Millions of people become Christians every year around the world. Some are baptized babies, others are young adults joining the church of their choice—and still others are adult converts reached by missionaries. Of course, many “believers” are never baptized. Most of the rest are not correctly baptized.
On Pentecost, in AD 31, the day the New Testament Church was created, the apostle Peter gave a powerful sermon to many listeners. His message was so convicting that 3,000 were baptized. Before their baptism, many asked him, “Men and brethren, what shall we do?” (Acts 2:37). Peter’s answer? “Repent, and be baptized every one of you in the name of Jesus Christ for the remission of sins, and you shall receive the gift of the Holy Spirit” (vs. 38).
This verse is God’s plain command to “be baptized”! Not only is this instruction in your Bible, but the Bible also says repentance must precede baptism or one will not receive the gift of the Holy Spirit.
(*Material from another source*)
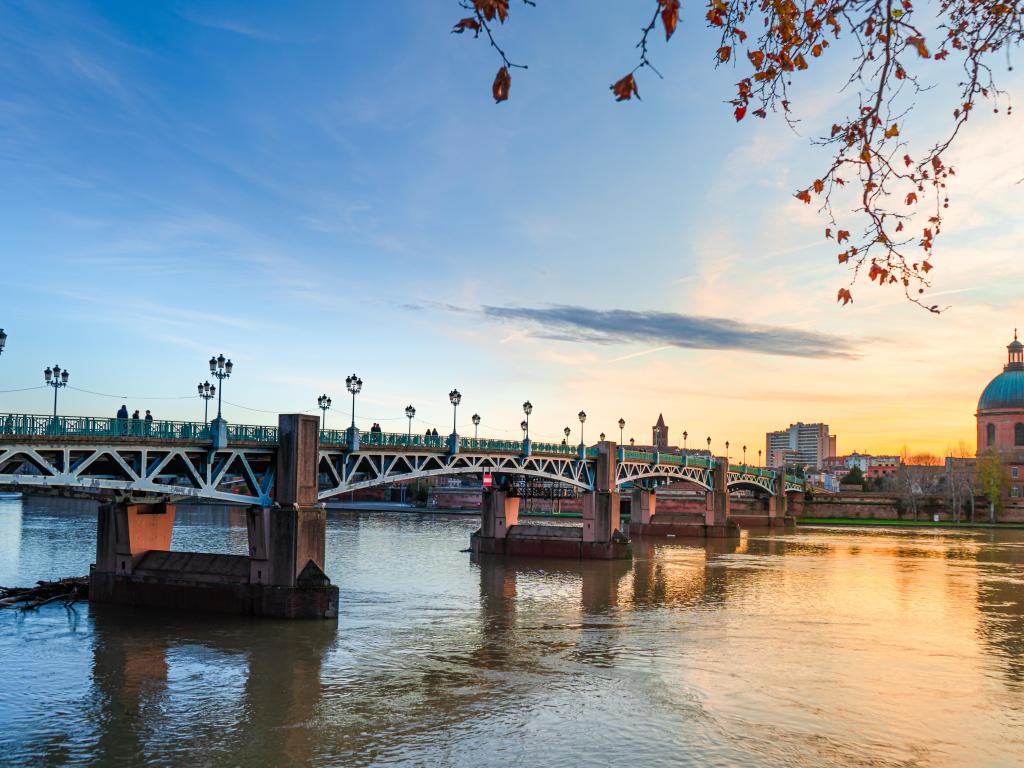 Garonne river and Dome de la Grave in Toulouse, France at sunset.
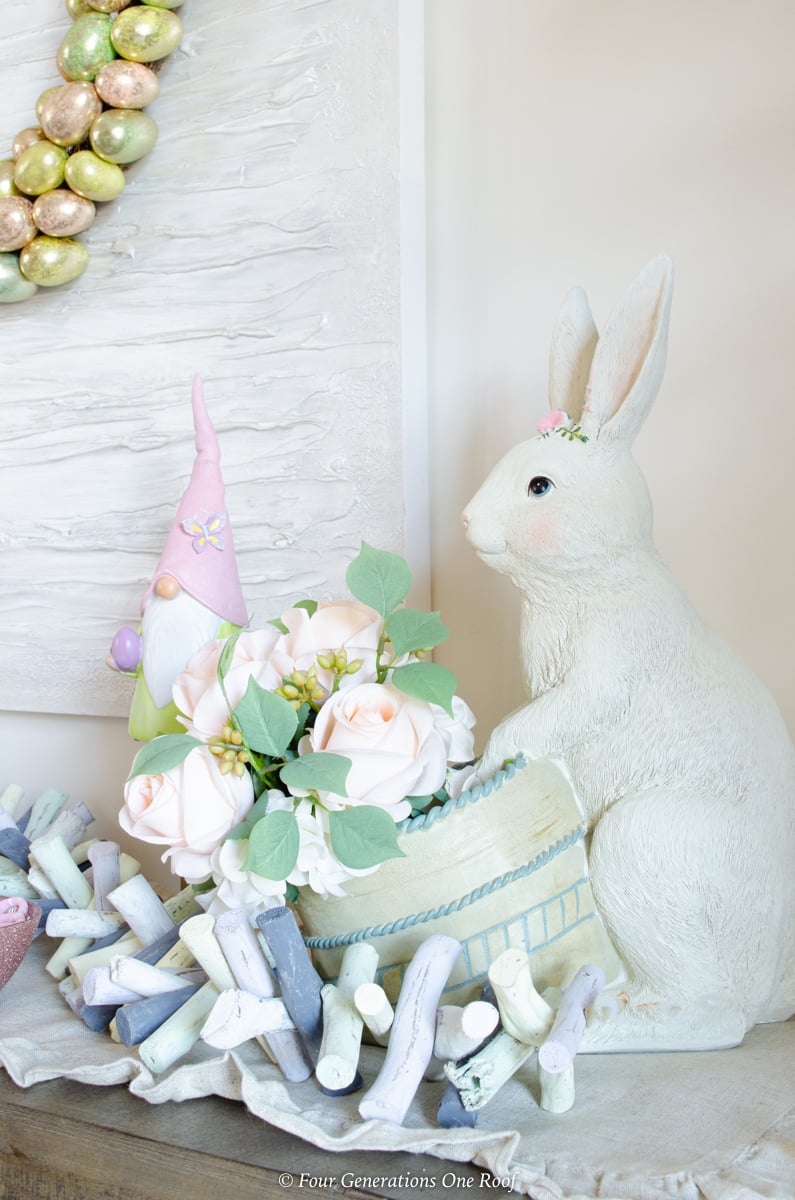 White ceramic Easter bunny planter with peach roses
Most believe there are no requirements—no conditions—to being saved. This is untrue and Acts 2:38 proves there is at least one condition that must precede baptism itself—repentance! Some who teach there are no conditions for salvation quote Romans 10:9: “That if you shall confess with your mouth the Lord Jesus, and shall believe in your heart that God has raised Him from the dead, you shall be saved.” Verse 13 appears to make it even easier: “For whosoever shall call upon the name of the Lord shall be saved.”
What could be simpler for would-be Christians? How often have you heard that all one must do is “believe in your heart”? But is there more to this verse than meets the eye?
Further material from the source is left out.